I think there's something to be said for a game like this. If you listen to the punditry surrounding gun control as it relates to something like Sandy Hook, it's easy to see why a game like this exists and is - dare I say it - necessary. The pundits sicken and anger me more than this game does, and I find them to be more disrespectful of the dead and the grieving in their pursuit of ratings, votes and soapbox-masturbation than the developer of this game could ever be. I feel that
they're the target of this game, because this is the video game equivalent of the verbal/political game those people play every day when they pontificate.
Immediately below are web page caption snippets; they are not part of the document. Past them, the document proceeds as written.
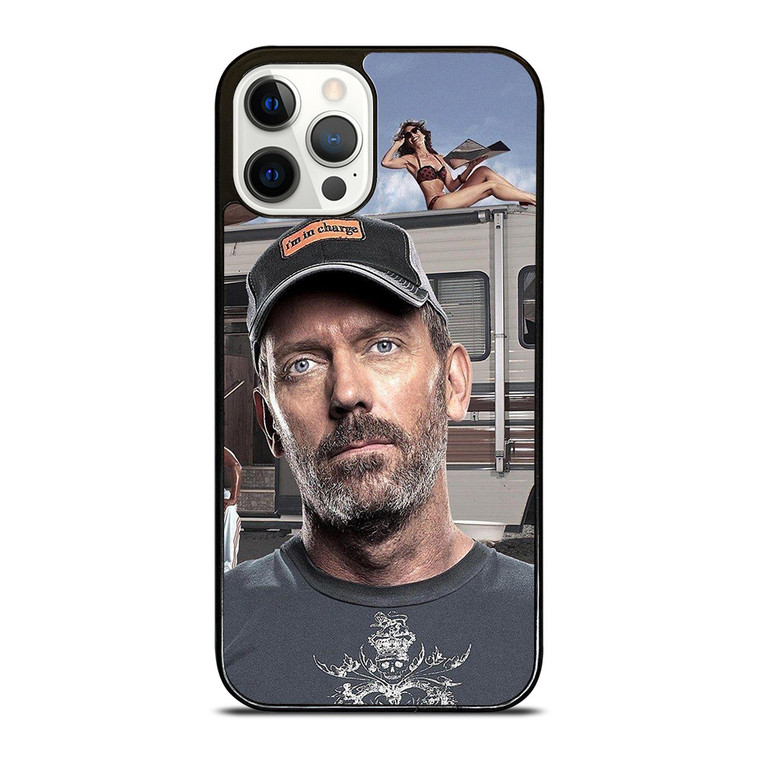 HOUSE MD SERIES iPhone 12 Pro Case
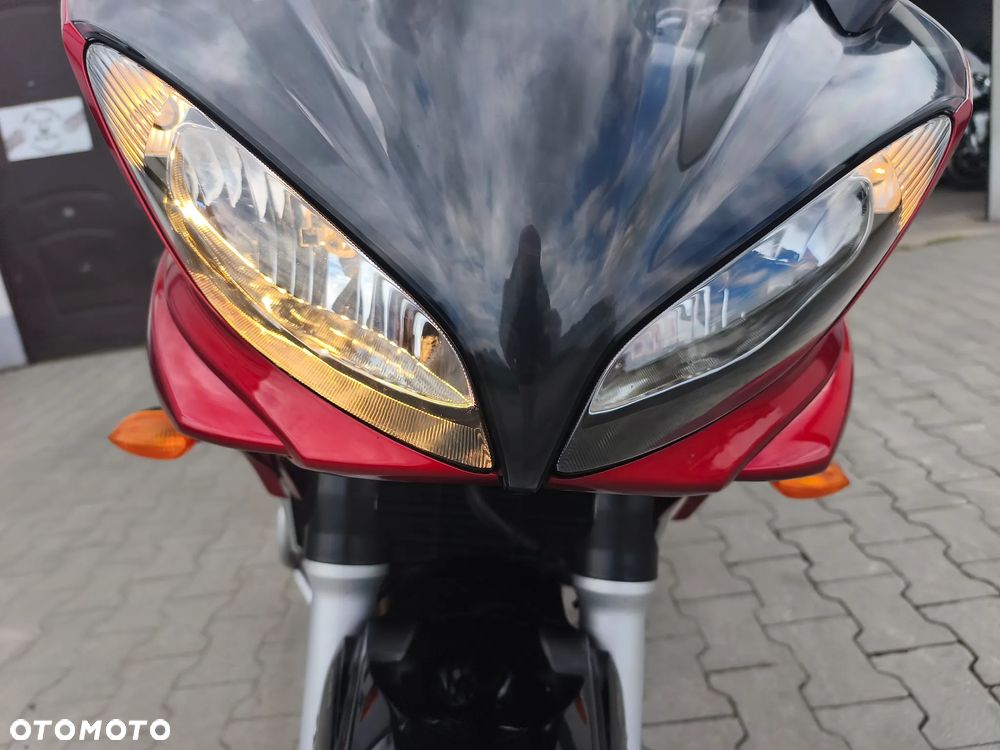 Yamaha FZ6 - 31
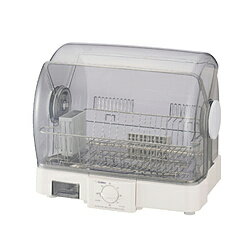 Zojirushi - ZOJIRUSHI(象印マホービン) 食器乾燥機 ホワイト EY-JG50 ［5人用］ EYJG50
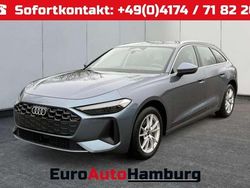 Horizontblau metallic/blau Gebraucht 2024 Audi A5 Kombi | 44.280 € (Superpreis)
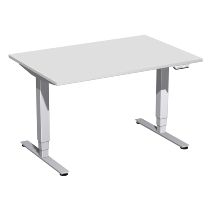 Schreibtisch 08EXX08 Elektro PRO+ elektrisch 62-128cm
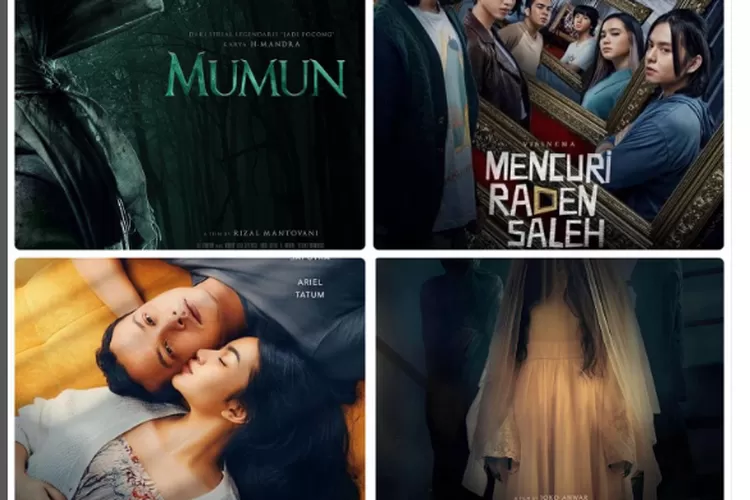 Jadwal Film Bioskop Yang Diputar Di Rajawali Cinema Purwokerto Kamis 1 September 2022 Suara 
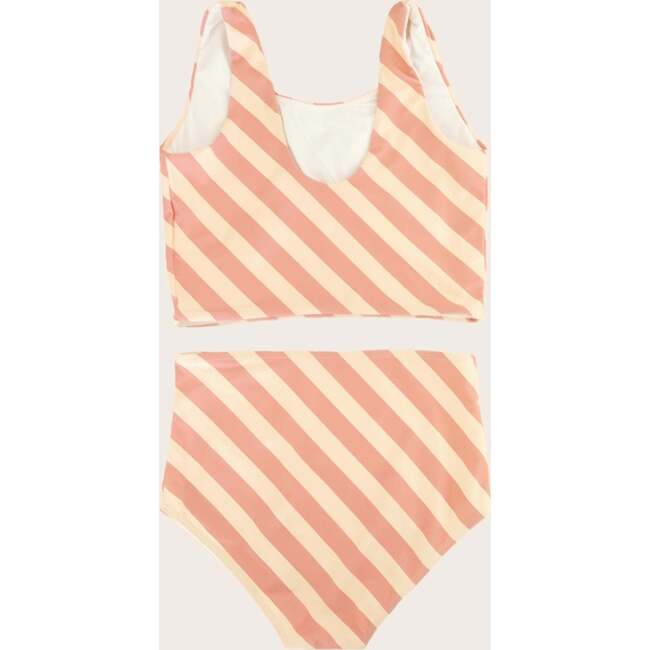 Soleil Stripe Two Piece Tank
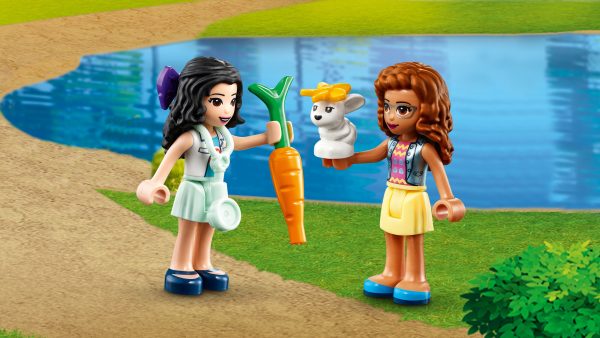 LEGO Friends Dierenambulance - 41445 - Afbeelding 7
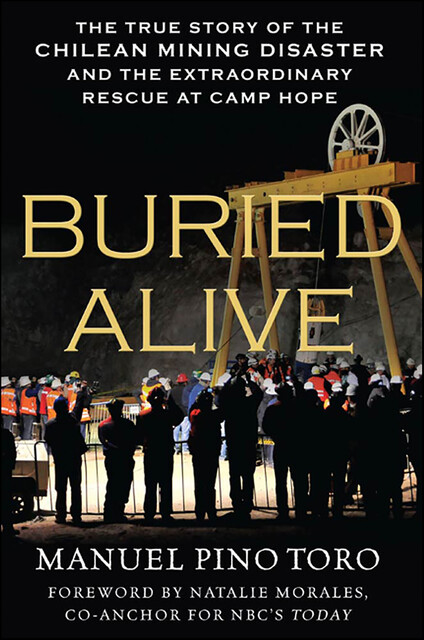 Buried Alive, Manuel Pino Toro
People hypothesise about how different kinds of law pertaining to gun control could have prevented or altered the outcome of Sandy Hook (let's not get into that debate here). A game like this takes those ideas and puts them to the test, it makes people have a more visceral "hands on" view of what
they propose, offering an insight to their own world view which they'd never otherwise have. Great art holds a mirror up to society, and that's what I think a game like this can do. In its most significant ways it's not even about the atrocity itself.
Don't get me wrong, The Slaying of Sandy Hook Elementary probably isn't a great example of the power a game can have in a debate like this (excepting that it raises the question quite effectively), and it sure as hell ain't "great art", but a game in which you take on the role of a real-world killer and re-enact what he/she did can have value.
JFK Reloaded and
Super Columbine Massacre RPG! are perhaps better examples.